The Iowa business leader, Board of Regents prez and political power broker discusses recent decisions


Our job at the Business Record is to keep you informed on news, developments and ideas that will help your business pursuits. Often, that leads us to interview key decision-makers.  

Occasionally, the business leader is so informed, so plugged in, so controversial or so intriguing that we know a single interview will be wide-ranging and illuminating in several areas. So periodically, we’ll be bringing our readers those kinds of interviews in a feature called Newsmaker Q&A. Bruce Rastetter certainly fits the bill. I sat down with the giant of agriculture, president of the Iowa Board of Regents, huge Republican donor, FOB (Friend of Gov. Terry Branstad) and innovator for a 90-minute interview in the meeting room at Rastetter’s Summit Agricultural Group LLC headquarters near Alden. 

Rastetter already had surprised us in a separate telephone interview with the news that Summit will be looking to raise fish as part of its expanding business, and also will most likely build two ethanol plants in Brazil. 

Not surprisingly, when we sat across the table from him, Rastetter continued to make news, even as the furor raged over the regents’ selection of a businessman with no university administrative experience as president of the University of Iowa.

Rastetter revealed that the regents will look at sites other than the AIB College of Business campus for a proposed regents center in Des Moines. 

He also: 

— Suggested that the regents consider a fully private search the next time they select a president for Iowa State University, the University of Northern Iowa or the University of Iowa to ensure that current university presidents and other qualified candidates feel comfortable applying.

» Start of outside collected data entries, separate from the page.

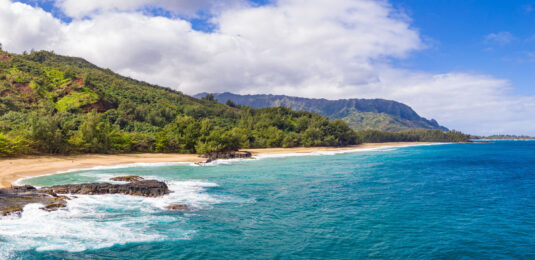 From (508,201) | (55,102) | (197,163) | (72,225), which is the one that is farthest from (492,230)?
(55,102)

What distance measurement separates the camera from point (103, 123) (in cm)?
5534

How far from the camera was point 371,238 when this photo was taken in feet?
51.0

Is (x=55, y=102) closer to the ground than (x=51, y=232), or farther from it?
farther from it

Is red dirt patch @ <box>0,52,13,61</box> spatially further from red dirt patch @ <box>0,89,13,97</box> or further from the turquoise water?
the turquoise water

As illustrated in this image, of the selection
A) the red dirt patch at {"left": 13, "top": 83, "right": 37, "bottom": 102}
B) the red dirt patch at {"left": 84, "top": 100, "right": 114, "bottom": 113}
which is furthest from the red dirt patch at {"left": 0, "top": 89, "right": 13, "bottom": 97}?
the red dirt patch at {"left": 84, "top": 100, "right": 114, "bottom": 113}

— Vehemently rejected Des Moines Water Works CEO Bill Stowe’s idea that farmers should consider paying for Des Moines Water Works’ nitrate-removal expenses as a possible way to settle the utility’s federal lawsuit, which claims that farms in three upstream counties are a source of the potentially deadly pollution.

— Steadfastly defended both the selection of Bruce Harreld as University of Iowa president and the process that led to it.

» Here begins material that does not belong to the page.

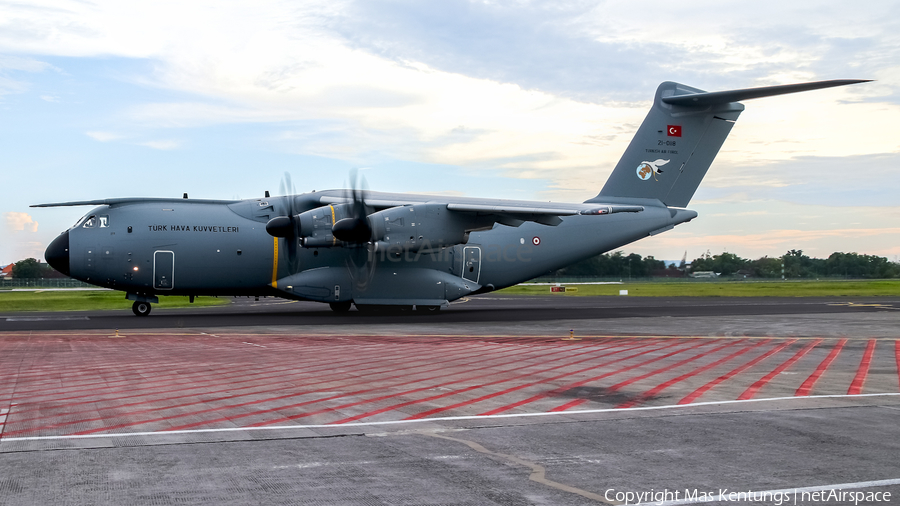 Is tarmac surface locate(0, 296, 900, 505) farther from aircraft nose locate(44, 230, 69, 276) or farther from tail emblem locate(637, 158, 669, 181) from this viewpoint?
tail emblem locate(637, 158, 669, 181)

Here are Rastetter’s views in his own words.

The presidential search controversy
Rastetter defends choice, suggests regents consider a private search next time

Tell us what the Board of Regents’ general direction was on the hiring of University of Iowa President Bruce Harreld. What concepts were you trying to address?

The University of Iowa is a more than $3 billion enterprise, with 22,000 employees. University (of Iowa) Hospitals (and Clinics) sees 1.2 million people a year. And you have approaching 33,000 students.

And you have close to $500 million a year in research.

Look around the country at a continuing trend to go to nontraditional candidates. It’s not an overwhelming trend, but there are a number of significant success stories out there. Mitch Daniels at Purdue is one. David Boren at Oklahoma. And other smaller private schools that have done that.

They said that Bruce Harreld was a nontraditional candidate. So was (Iowa State University President) Steve Leath. And Steve didn’t grow up in the regular academic world as a provost and build up through there and become a president. He had a more nontraditional pathway. Clearly some of those things that we saw in him that have made Iowa State extremely successful, (including) the research background that becomes more of a private business background as far as managing the research for a large entity as well as for (the U.S. Department of Agriculture). 

How do we make sure that the status quo isn’t acceptable in the future? Because higher education is challenged everywhere. We have declining state support and challenges with that. We have student debt at record levels. And we have to maintain accessibility and affordability and improve.

How did that inform your search? 

We started with a lot of qualities like that as we started looking around the country. But more importantly, we looked at how the University of Iowa could become one of the top 10 public universities in the country. How can we remain accessible for Iowans, and welcome out-of-state students? How can we create a more dynamic research park using intellectual property that’s created at the university, in particular the biomedical side, and have that research park grow and create high-quality jobs? 

Our view as regents has been, when you look at some of the challenges with some of the decline in some of the programs at the university, how do we reverse that? I think what you do is you hire somebody who has experience in his whole life of being an innovator. And being a collaborative person who works with teams. 

We had a number of nontraditional candidates in this search. They haven’t gotten talked about because the first part of this was a confidential search. Out of the Chicago interviews came three traditional candidates and one nontraditional. 

In my mind, the academic side will prosper with someone who is very good at developing strategic plans. That is what (Harreld) did for IBM, and that’s been his whole history. 

Our goal as regents is to have someone with a vision. I’m not comparing him to Steve Leath, because we’ll have to see. But someone who has a vision of where the university can go and works collaboratively to get it there — that’s really what we see in him.
Have some missed the point on Harreld’s credentials?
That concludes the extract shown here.